I, Partridge: We Need to Talk About Alan
- Author: Steve Coogan, Armando Iannucci, Rob and Neil Gibbons
- Language: English
- Genre: Humour
- Published: 2011 (HarperCollins)
- Publication place: United Kingdom
- Media type: Print (hardback & paperback)
- Pages: 366 (first edition, hardback)
- ISBN: 9780007449170 (first edition, hardback)

= I, Partridge: We Need to Talk About Alan =

2011 book

I, Partridge: We Need to Talk About Alan is a 2011 mock autobiography as written by the British comedy character Alan Partridge. It was written by Steve Coogan, Armando Iannucci and Rob and Neil Gibbons. An audiobook version recorded by Coogan as Partridge was released on CD and downloadable audio formats.

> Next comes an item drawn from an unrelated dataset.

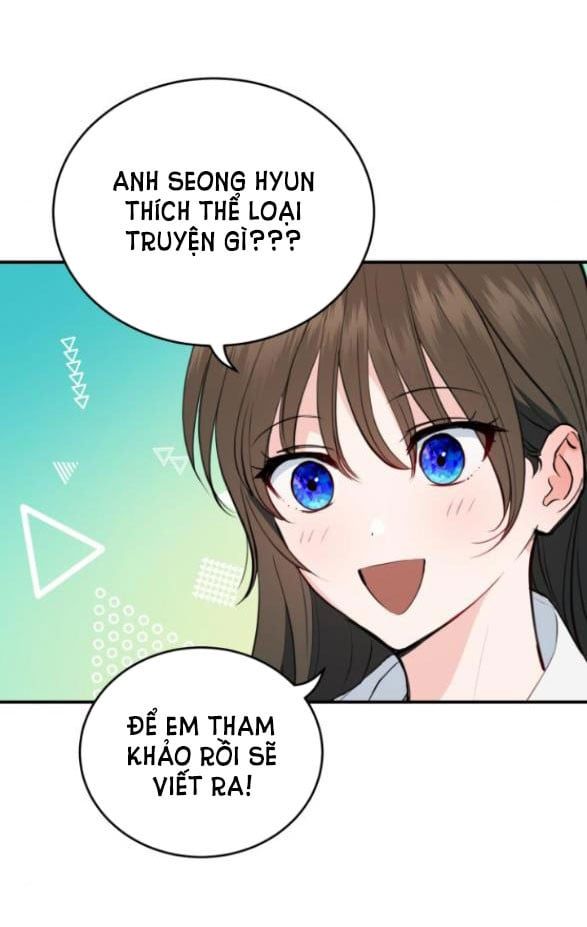 đọc truyện [18+] Cô Bạn Gái Thuê Chương 25 ảnh 31 tại Giả Dược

Coogan said: "We just wanted to do what he would do in trying to write his autobiography. He wants to make his life more than unremarkable, so every single event in his life he tries to spin into something it's not. There was an argument between his parents about tax returns that he tries to turn into some kind of nightmare childhood - as if it was torturous for him and he was scarred by it."

The Independent described the book as "an acutely observed mock-memoir" and the Daily Telegraph said that "The index to I, Partridge is one of the top five indexes of all time." The book received positive reviews and became a bestseller. Coogan appeared as Partridge to promote the book on The Jonathan Ross Show on 1 October 2011.

A second autobiography, Alan Partridge: Nomad, was released in 2016, and a third, Big Beacon: A Lighthouse Rebuilt, a Broadcaster Reborn, followed in 2023.